Sunday, July 13, 2014

Whole Tablets and Broken Tablets

 
Yesterday, Saturday 7/12, I officiated Sharon and Judy's wedding at the Sheraton Albuquerque Uptown in Albuquerque, New Mexico. Here are the remarks I shared with them and their guests:

The Bible tells us that after Moses received the Ten Commandments, he saw the people worshipping the Golden Calf, and broke the tablets. Now, being a sensible Jew, Moses had taken out a full warranty, so after paying a fifty shekel deductible, God gave him a new set of tablets. Eventually, Moses is instructed to put both sets of tablets in the Ark of the Covenant, so Indiana Jones could rescue it from the Nazis... (Not really.)

Now, the Rabbis of the Talmud learn a really cool lesson from this. "Be careful to respect a Torah scholar, who has forgotten his learning, since the whole tablets AND the broken tablets, both rest in the Ark." So, the Rabbis are afraid that since the Torah scholar has dementia, people might not accord him the respect he is due. They say, no, you must respect him. He is like the broken tablets. They too rest in the holy Ark.

I was reminded of this idea, when I reflected on what Sharon and Judy say about each other. They each are very particular about respecting those, who because of age or ability, are sometimes themselves forgotten. Listen to Sharon: "Judy demonstrated such deep compassion for the elderly people in our neighborhood. It was not uncommon, on a hot Summer’s day, for her to offer a ride home to some poor little elderly woman, or man, trudging along in the heat, trying to get groceries home before they spoiled. Our own shopping trips seldom ended without helping a senior neighbor to get home a little sooner and a little cooler. Not only did I love her for her sensitivity, I admired and respected her character and integrity. We also discovered that we both love animals and the natural beauty of our world and fervently believe that both should be protected and preserved."

Judy insists that if anyone is to be praised in this regard, it is Sharon: "Sharon cared and treasured all. Even if it was a mouse that we just could not allow to roam free in the house, she buried it as she does all of the Lord’s creatures and offered a blessing. When I think of these times, I fill with tears of love. This was carried into her work with her patients. As a speech language pathologist, she worked exclusively with older patients. She was dedicated to helping them find ways to communicate. I still hear her saying, 'I know that she is in there. I have to find a way to get in there and help her get out.'"
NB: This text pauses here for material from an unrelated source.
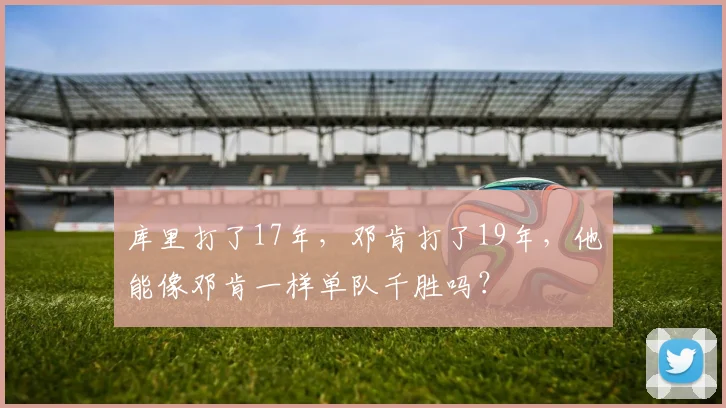库里打了17年，邓肯打了19年，他能像邓肯一样单队千胜吗？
There is however another broader understanding of this idea of the whole tablets and the broken tablets both being important, that Sharon and Judy talk about and embody. They both understand deeply as individuals and as a couple, that life is a journey, where there are whole tablets and broken tablets along the way, and that true love is about treasuring both. As Sharon says: Thirty years ago, we met as two individuals.... each bringing a set of life experiences, joys, disappointments... talents and skills. Over the years we have blended all those ingredients and created a new shared set of life experiences. Together we have shared life cycles, as any other couple does... we have endured the heartache over the death of loved ones... parents and younger ones taken too soon... together, we’ve cried at the weddings of our nieces and rejoiced when a new baby was born into our family. We have enjoyed the acceptance of our relationship by loved ones from both families."

Judy reflects this too: "The Bronx, Mahopac, Mount Vernon, Manhattan, Madrid, Goshen, Connecticut and Albuquerque, New Mexico: all stops on the train of my life. The connection to New Mexico is the one that brings us to our celebration on July 12. My beshert and I have been together 30 years; as one can imagine we have shared both good times and difficult times. The 30 years have been a blessing, and though it would be hubris, it would be great to have an additional 30!"

There is one final way that Sharon and Judy's story, and the story of the two sets of tablets can inform what we celebrate here today. Liberal Judaism holds that though we treasure and value our ancient traditions, we shouldn't stick to each and every one of them. Sometimes, if a tradition is out of date and categorically wrong - for example the tradition of only heterosexuals being allowed marry - then we need to break it. We need to break it, set it aside, and carve a new fresh more inclusive tradition. God wasn't afraid to do that, and nor should we be, in our religious traditions and in our civil laws.